Chevron's earnings warning and other downbeat forecasts mean investors may have to wait longer for a recovery
Stocks in the energy sector slipped on Apr. 13 after Chevron (CVX) warned of "sharply lower" profits, underlining expectations that the sector's earnings face a rough first quarter.
Yet many investors continue to stick with energy stocks. After a steep decline in both energy shares and the price of oil and other commodities last year, many still hope for a revival for big oil and other energy companies in the second half of this year. So far this year through Apr. 9, the S&P Energy index has fallen 6.3%, vs. a 5.2% drop in the S&P 500 index. But some groups within energy, such as oil and gas drilling and energy equipment and services, are up for the year.
The main dispute between energy bulls and bears: the state of the world economy, and whether a recovery is coming soon or later. The global economy will have a direct effect on the demand for oil and other energy sources. For big energy companies like Chevron, Exxon Mobil (XOM), ConocoPhillips (COP), and BP (BP), "oil and gas prices are the main driver for the bottom line," says Tina Vital, equity analyst at Standard & Poor's. (S&P, like BusinessWeek, is a unit of The McGraw-Hill Companies.)
No Relief in 2009
Chevron's announcement, issued late on Apr. 9, caused stock analysts to cut their earnings expectations sharply for the oil giant, which will report full results on May 1. The main culprit is the price of oil, which has slashed Chevron's profit margins throughout its business operations. "It's a very tough pricing environment for crude oil," says Ben Halliburton, chief investment officer at Tradition Capital Management.

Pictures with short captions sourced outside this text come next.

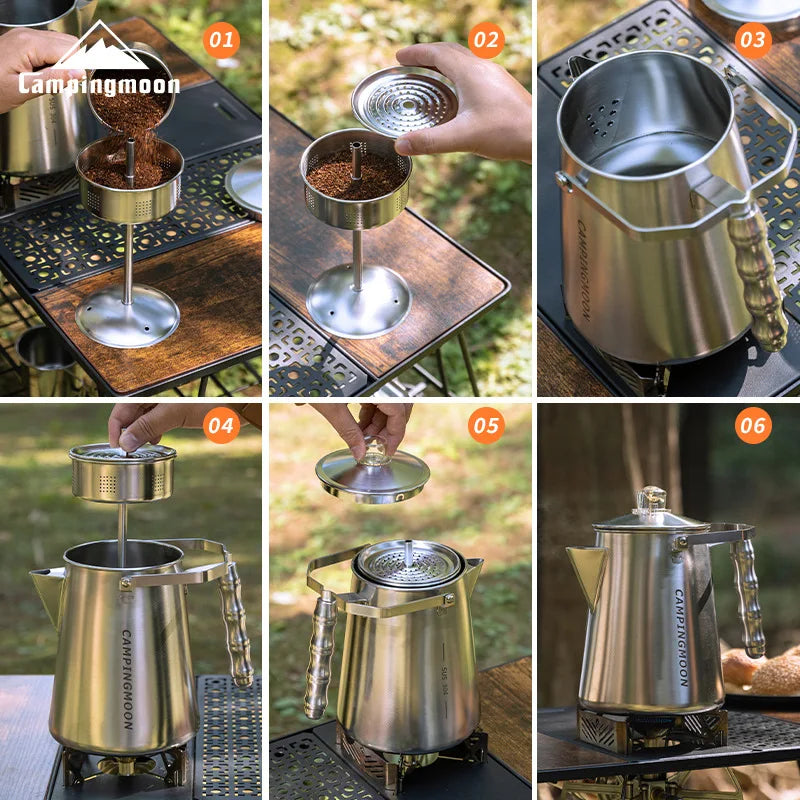 Campingmoon Camping Outdoor Accessories Cookware Kit Camping Kettle Stainless Steel Water Kettle Coffee Pot Lightweight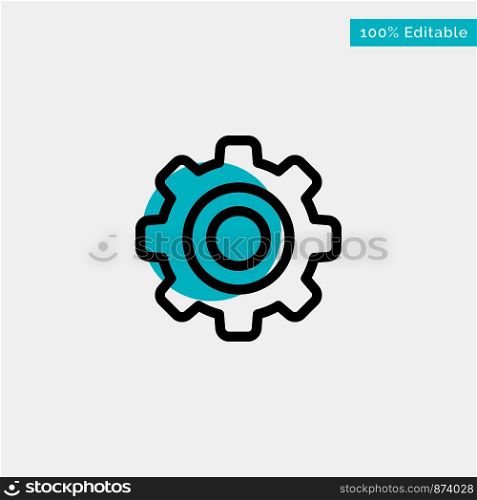 Basic, General, Gear, Wheel turquoise highlight circle point Vector icon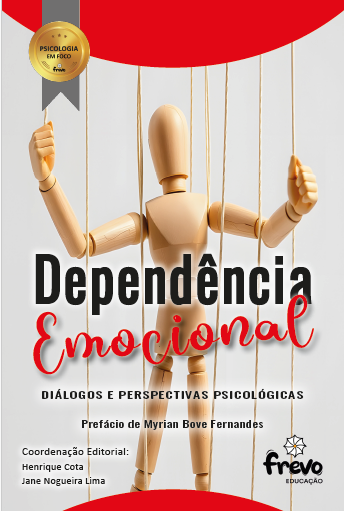 Capa do livro "Dependência Emocional: Diálogos e Perspectivas Psicológicas", com imagem de boneco de madeira preso por cordas como marionete. Co-autora Gisa Aquino Dineli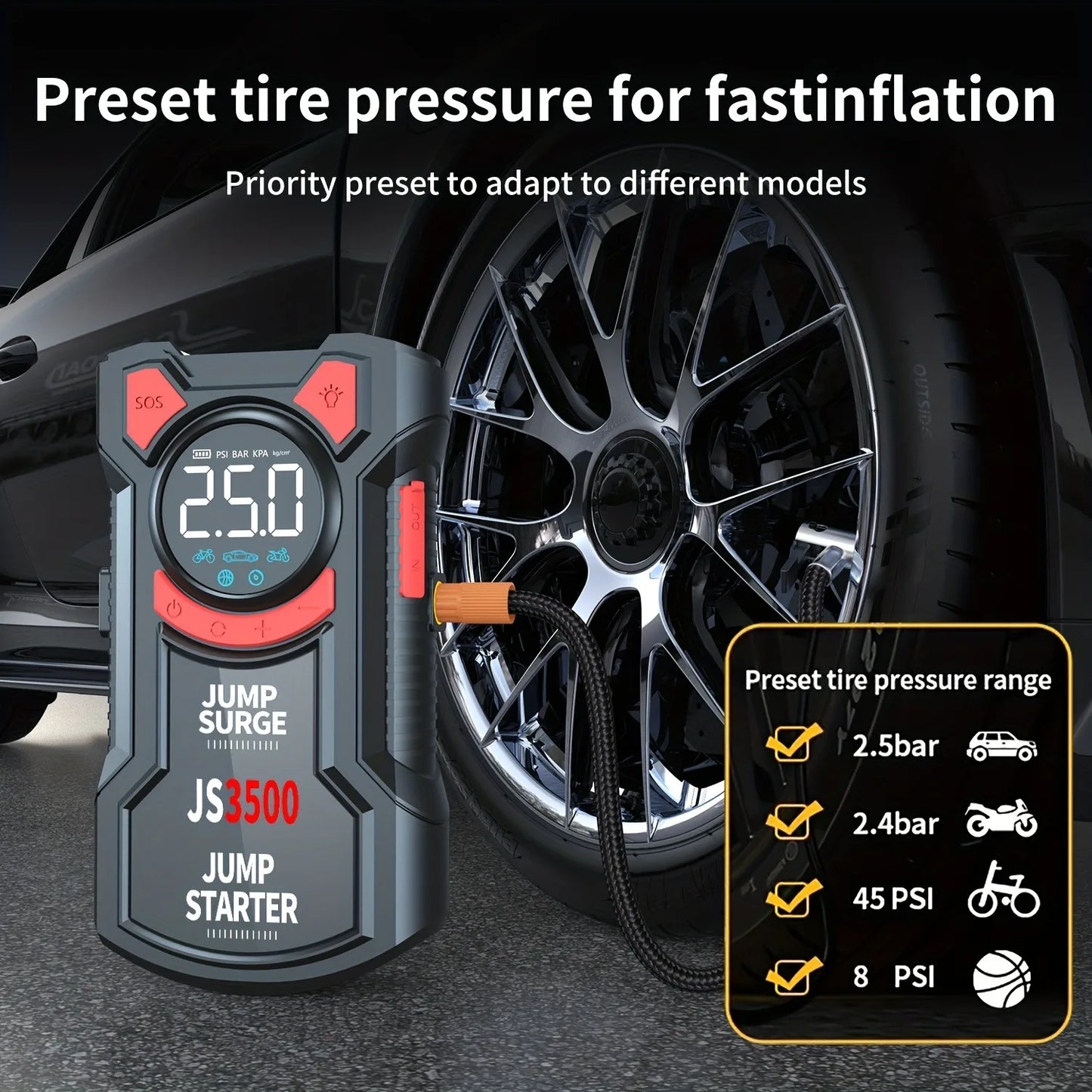 Car Jump Starter Air Compressor With Power Bank Portable Electric Pump Auto Battery Booster 12V Jump Box With Flashlight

On Apr. 10, the International Energy Agency said it expects global demand for oil to drop 2.8% in 2009. The IEA cited "a growing consensus that economic and oil demand recovery will be deferred to 2010." On the NYMEX on Apr. 13, crude oil prices dropped 4.5%, to just below $50 per barrel. Last July, oil hit a peak of $147 per barrel.

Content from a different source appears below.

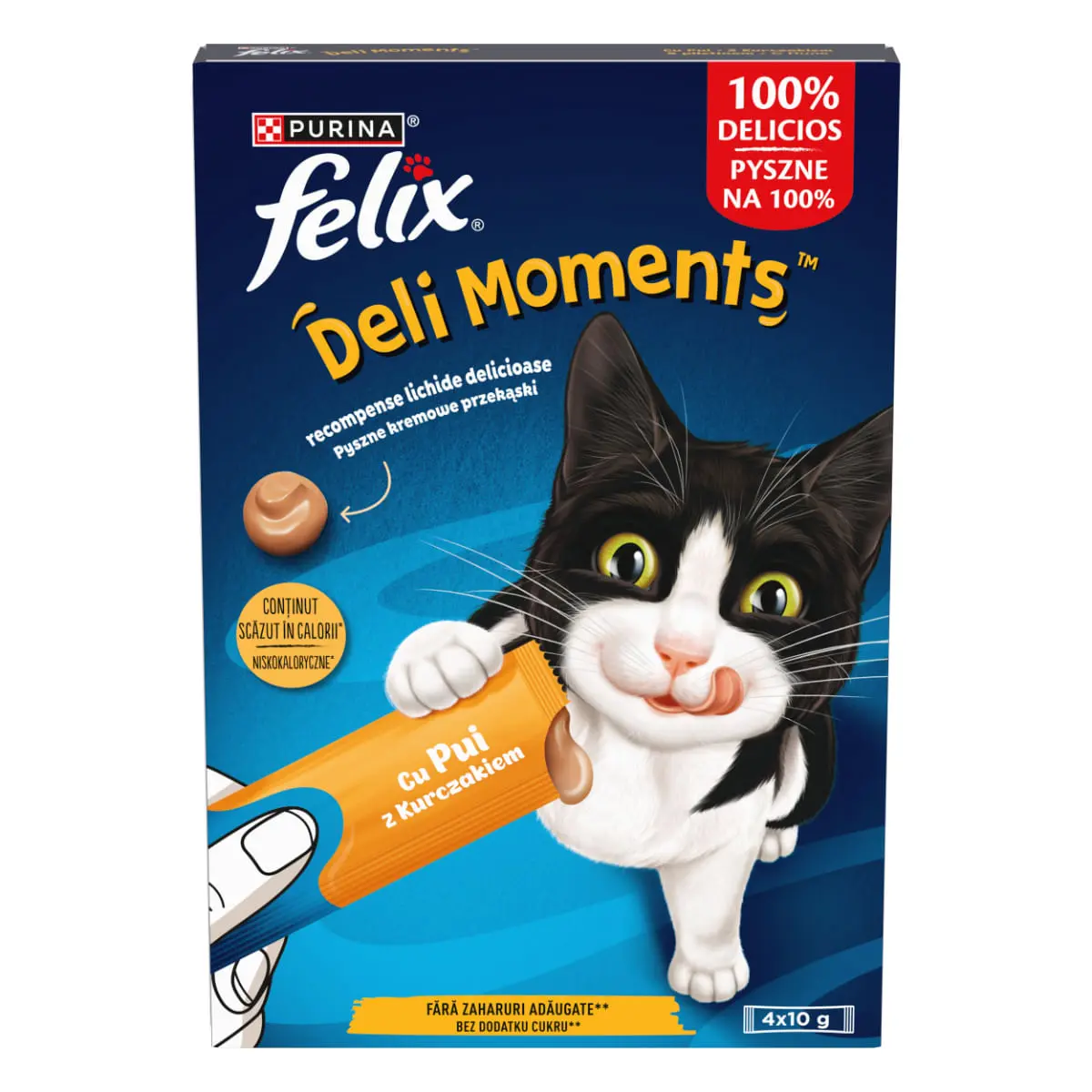 FELIX Deli Moments, Pui, plic recompense pisici, (piure), 10g x 4buc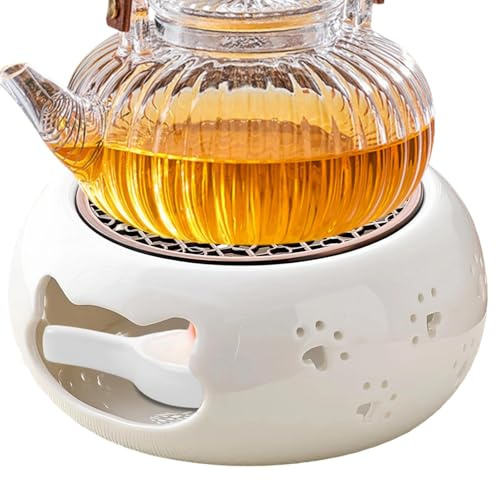 AMONENZ Stövchen für Teekanne, Keramik Teekannenwärmer | Weiße Teestövchen, Keramik mit Katzenpfoten-Hohlschnittdesign, mit Kerzenhalter, für Warmhalten von Tee, Milch, Kaffee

The global recession has destroyed demand for crude oil, says Halliburton, who is pessimistic about the prospects for an economic rebound any time soon. "Recovery this year in the economy is a pipe dream," he says. A "muted" recovery could arrive in the early part of 2010, he says.
However, Hodges Capital Management energy analyst Mike Breard points out that world governments are "throwing so much money into the system, eventually it's going to help." He predicts a rebound in oil prices in the second half of 2009. That's driven not just by economic recovery, he says, but also a slowdown in drilling by the industry and the depletion of existing wells. Oil prices should also rise if the world experiences a bout of inflation or the U.S. dollar weakens, he adds. S&P's Vital agrees. "Most people believe that this dip in oil prices is temporary," she says.
The problem with predictions of oil prices, however, is that commodity forecasters are notoriously unreliable. Edmund Cowart, portfolio manager at Eagle Asset Management, says oil companies "can't control the prices they receive." However, they can control other factors, and Cowart believes Chevron is doing a good job (he owns Chevron shares).
While the industry as a whole is cutting back on new drilling and seeing existing wells dry up, Chevron is expected to increase production by a healthy 4% in 2009. In the first quarter, Chevron said it has increased production through repairs of Gulf of Mexico facilities damaged by hurricanes last year. Several other international oil fields are expected to bear fruit in 2009 and beyond, analysts say.
Cowart adds that Chevron seems to be controlling costs in its refineries—even though profit margins for the refining industry are getting squeezed by low oil prices. "We think they're doing a pretty good job" with the things the company can control, he says.
For bullish energy investors, the one bright spot is China. According to Ed Yardeni, president of Yardeni Research, China's "stimulus program may be starting to work already." Car sales and iron ore imports hit a record in March; industrial production rose 8.3% from the year before; and crude oil imports reached a one-year high, Yardeni wrote in an Apr. 13 note.
But, assuming such encouraging numbers are sustainable, there is no guarantee that fast growth in China will be enough to make up for shrinking demand in the rest of the world.
When oil prices and the world economy recover, investors could see lots of upside in energy stocks. But if the global slowdown lingers or worsens, even oil's current price of $50-per-barrel may be seen as overly optimistic. And shares of even the best-run oil companies will feel the consequences.